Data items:
------------------------------------
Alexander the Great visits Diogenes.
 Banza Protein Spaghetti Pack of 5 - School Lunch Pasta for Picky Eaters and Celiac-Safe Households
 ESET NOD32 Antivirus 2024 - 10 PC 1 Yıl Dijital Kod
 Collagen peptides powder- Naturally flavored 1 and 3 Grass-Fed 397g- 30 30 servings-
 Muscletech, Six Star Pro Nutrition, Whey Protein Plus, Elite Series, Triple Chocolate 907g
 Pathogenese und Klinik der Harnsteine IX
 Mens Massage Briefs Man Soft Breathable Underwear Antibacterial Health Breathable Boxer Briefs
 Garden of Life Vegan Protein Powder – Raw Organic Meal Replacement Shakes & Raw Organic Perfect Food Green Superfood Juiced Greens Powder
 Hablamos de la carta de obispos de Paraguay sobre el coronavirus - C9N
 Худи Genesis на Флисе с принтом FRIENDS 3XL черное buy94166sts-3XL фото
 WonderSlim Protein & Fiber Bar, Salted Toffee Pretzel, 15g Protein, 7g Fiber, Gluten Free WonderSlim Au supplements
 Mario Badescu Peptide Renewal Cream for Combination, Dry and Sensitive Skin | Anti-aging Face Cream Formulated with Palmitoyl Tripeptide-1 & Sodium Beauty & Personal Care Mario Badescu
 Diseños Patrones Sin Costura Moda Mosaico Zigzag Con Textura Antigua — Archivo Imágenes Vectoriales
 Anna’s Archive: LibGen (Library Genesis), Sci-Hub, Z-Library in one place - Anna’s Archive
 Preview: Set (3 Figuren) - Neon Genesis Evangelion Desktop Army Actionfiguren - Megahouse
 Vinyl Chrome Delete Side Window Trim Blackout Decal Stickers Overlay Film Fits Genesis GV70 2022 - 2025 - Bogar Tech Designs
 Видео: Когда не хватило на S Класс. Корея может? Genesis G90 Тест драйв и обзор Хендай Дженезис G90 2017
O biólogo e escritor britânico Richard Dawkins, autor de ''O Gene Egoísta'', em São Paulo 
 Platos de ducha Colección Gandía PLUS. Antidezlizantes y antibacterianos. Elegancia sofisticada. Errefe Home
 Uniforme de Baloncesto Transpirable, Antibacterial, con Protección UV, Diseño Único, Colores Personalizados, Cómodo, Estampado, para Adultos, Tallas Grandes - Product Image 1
------------------------------------
> [Prompt] How many lines in the records contain the string "Genesis"? Give the number by itself.

> [Result of this exercise] 5